- _TASK REQUIREMENTS_
Transcribe the listing exactly, skipping every picture.
START STORED DATA
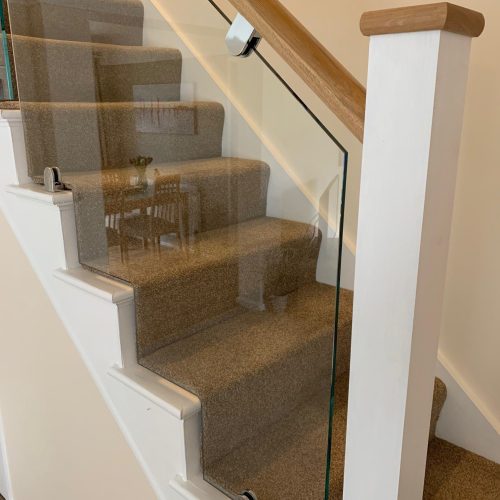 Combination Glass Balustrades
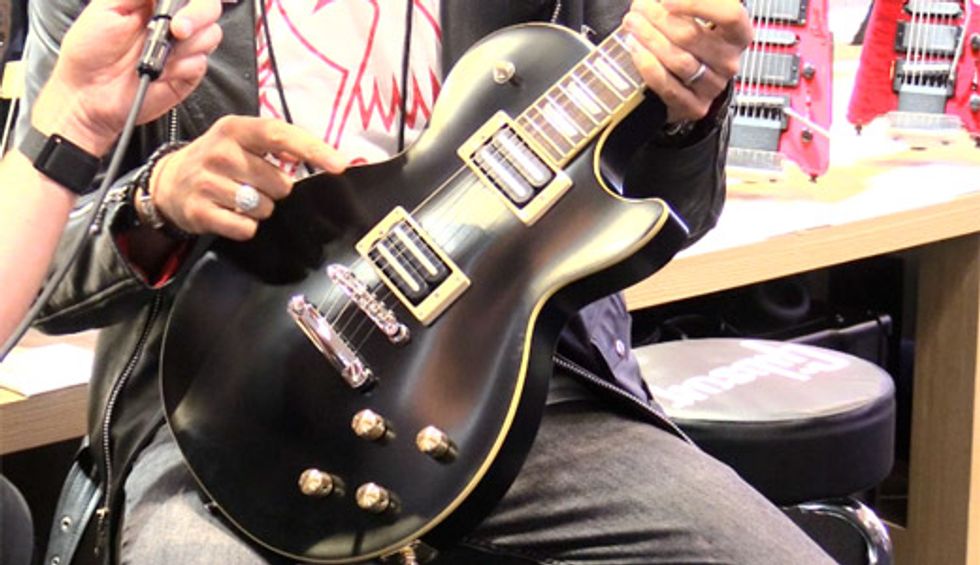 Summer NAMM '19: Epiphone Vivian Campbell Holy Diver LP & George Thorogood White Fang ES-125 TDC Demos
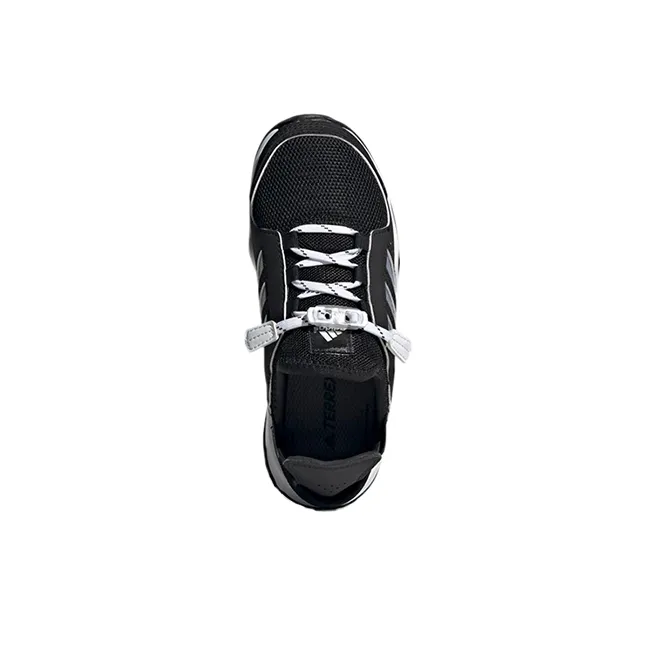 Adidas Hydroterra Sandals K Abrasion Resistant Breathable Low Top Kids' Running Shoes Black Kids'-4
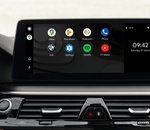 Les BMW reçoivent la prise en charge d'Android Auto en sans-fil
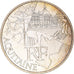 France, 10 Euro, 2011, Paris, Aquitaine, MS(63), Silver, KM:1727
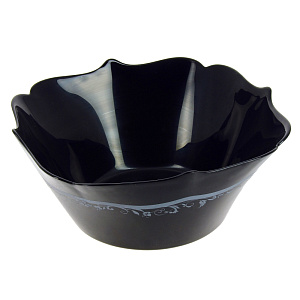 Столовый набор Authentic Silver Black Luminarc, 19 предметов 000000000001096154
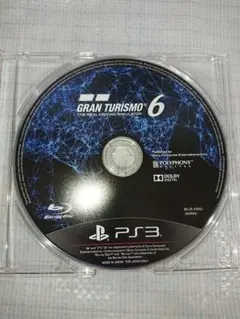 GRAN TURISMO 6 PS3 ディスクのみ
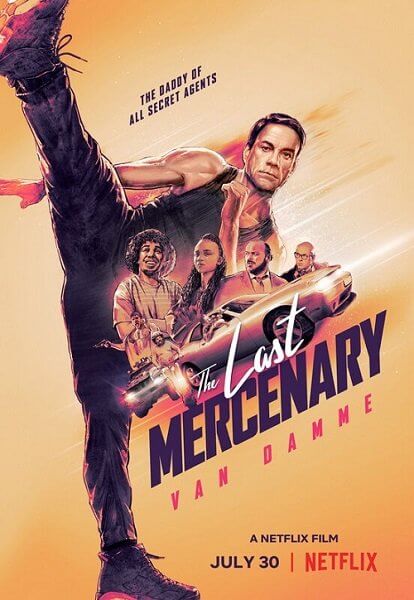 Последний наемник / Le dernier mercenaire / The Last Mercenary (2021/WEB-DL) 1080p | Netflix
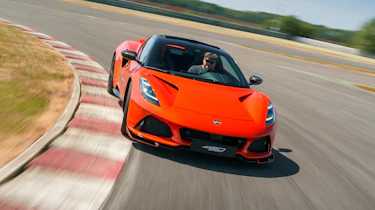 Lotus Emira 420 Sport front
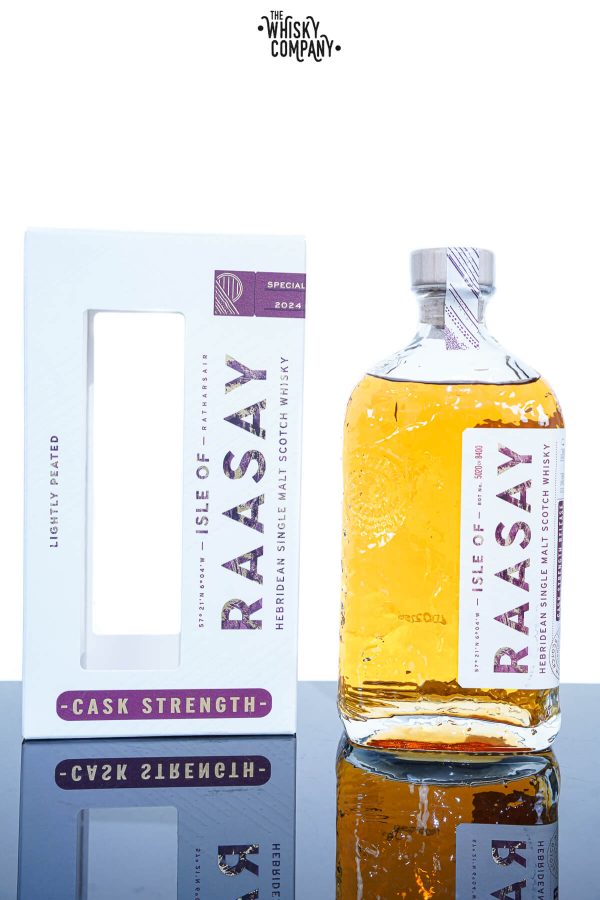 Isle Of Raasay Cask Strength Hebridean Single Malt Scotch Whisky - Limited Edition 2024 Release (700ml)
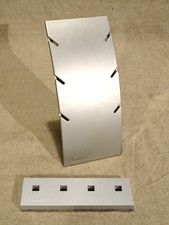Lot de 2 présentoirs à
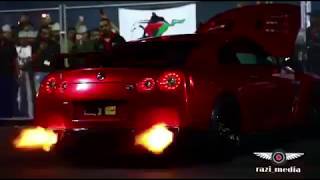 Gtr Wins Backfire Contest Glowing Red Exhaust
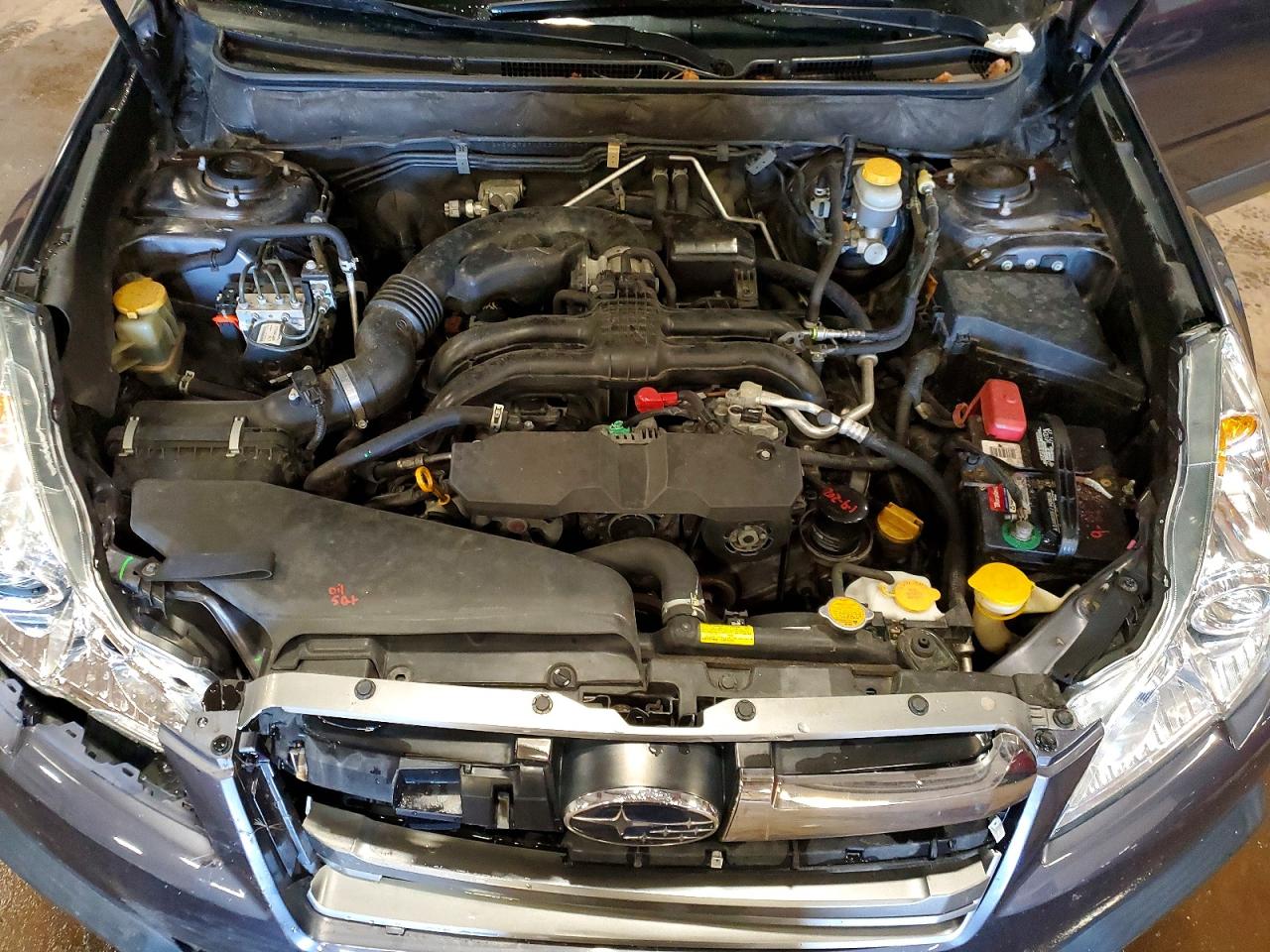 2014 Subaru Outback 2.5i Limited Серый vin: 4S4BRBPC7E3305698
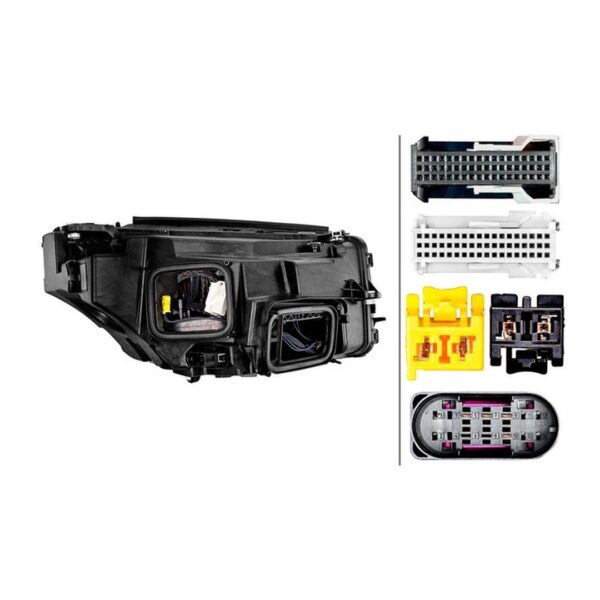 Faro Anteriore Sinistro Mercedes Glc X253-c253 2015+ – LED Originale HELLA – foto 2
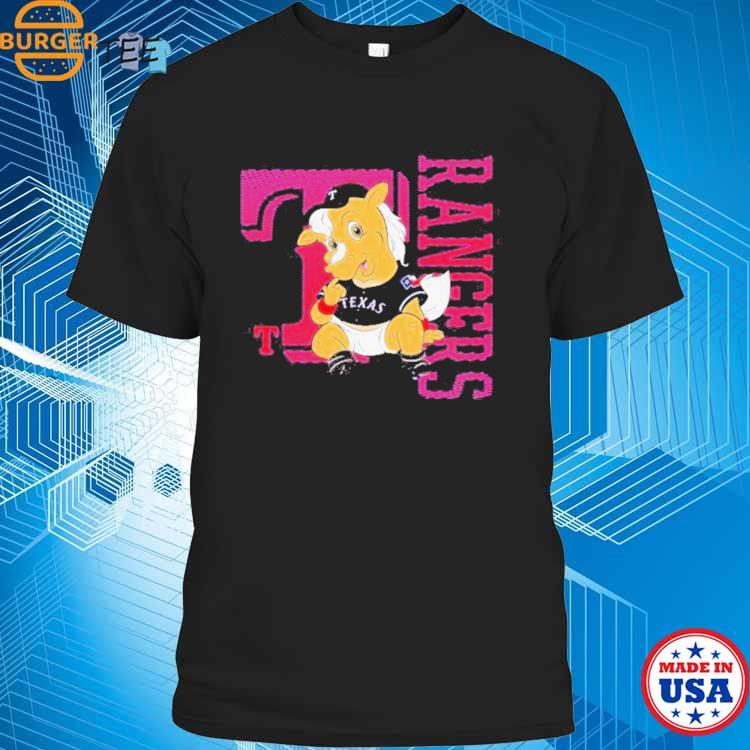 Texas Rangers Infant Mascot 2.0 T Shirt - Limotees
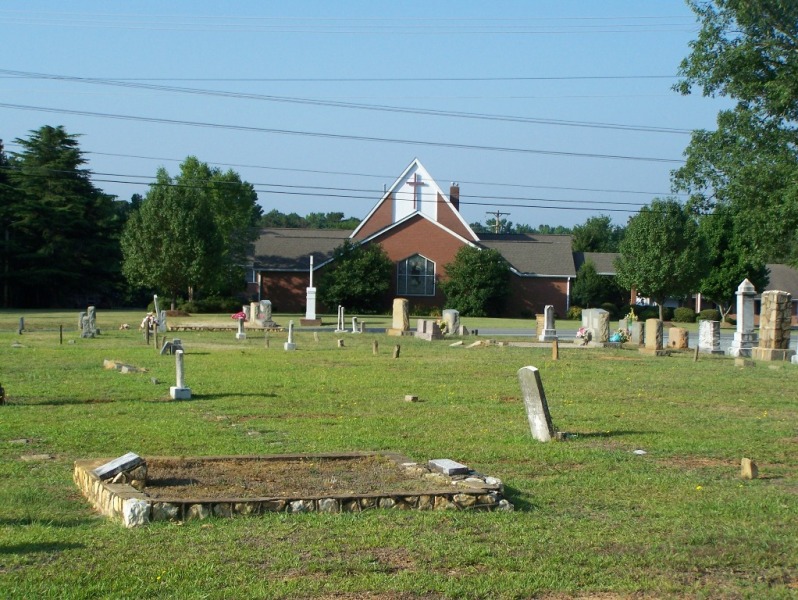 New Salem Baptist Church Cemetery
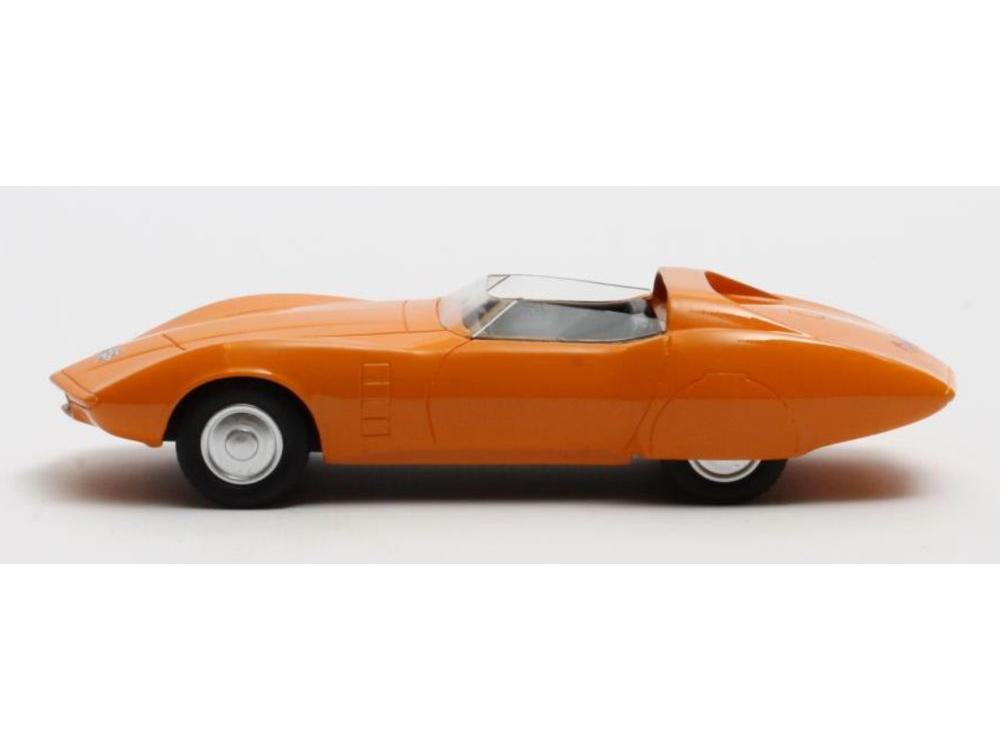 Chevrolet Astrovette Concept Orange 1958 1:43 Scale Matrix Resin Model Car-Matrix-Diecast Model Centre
END STORED DATA
- _RESPONSE TO THE TASK_
 Combination Glass Balustrades
 Summer NAMM '19: Epiphone Vivian Campbell Holy Diver LP & George Thorogood White Fang ES-125 TDC Demos
 Adidas Hydroterra Sandals K Abrasion Resistant Breathable Low Top Kids' Running Shoes Black Kids'-4
 Les BMW reçoivent la prise en charge d'Android Auto en sans-fil
 France, 10 Euro, 2011, Paris, Aquitaine, MS(63), Silver, KM:1727
 Столовый набор Authentic Silver Black Luminarc, 19 предметов 000000000001096154
 GRAN TURISMO 6 PS3 ディスクのみ
 Последний наемник / Le dernier mercenaire / The Last Mercenary (2021/WEB-DL) 1080p | Netflix
 Lotus Emira 420 Sport front
 Isle Of Raasay Cask Strength Hebridean Single Malt Scotch Whisky - Limited Edition 2024 Release (700ml)
Lot de 2 présentoirs à
 Gtr Wins Backfire Contest Glowing Red Exhaust
 2014 Subaru Outback 2.5i Limited Серый vin: 4S4BRBPC7E3305698
 Faro Anteriore Sinistro Mercedes Glc X253-c253 2015+ – LED Originale HELLA – foto 2
 Texas Rangers Infant Mascot 2.0 T Shirt - Limotees
 New Salem Baptist Church Cemetery
 Chevrolet Astrovette Concept Orange 1958 1:43 Scale Matrix Resin Model Car-Matrix-Diecast Model Centre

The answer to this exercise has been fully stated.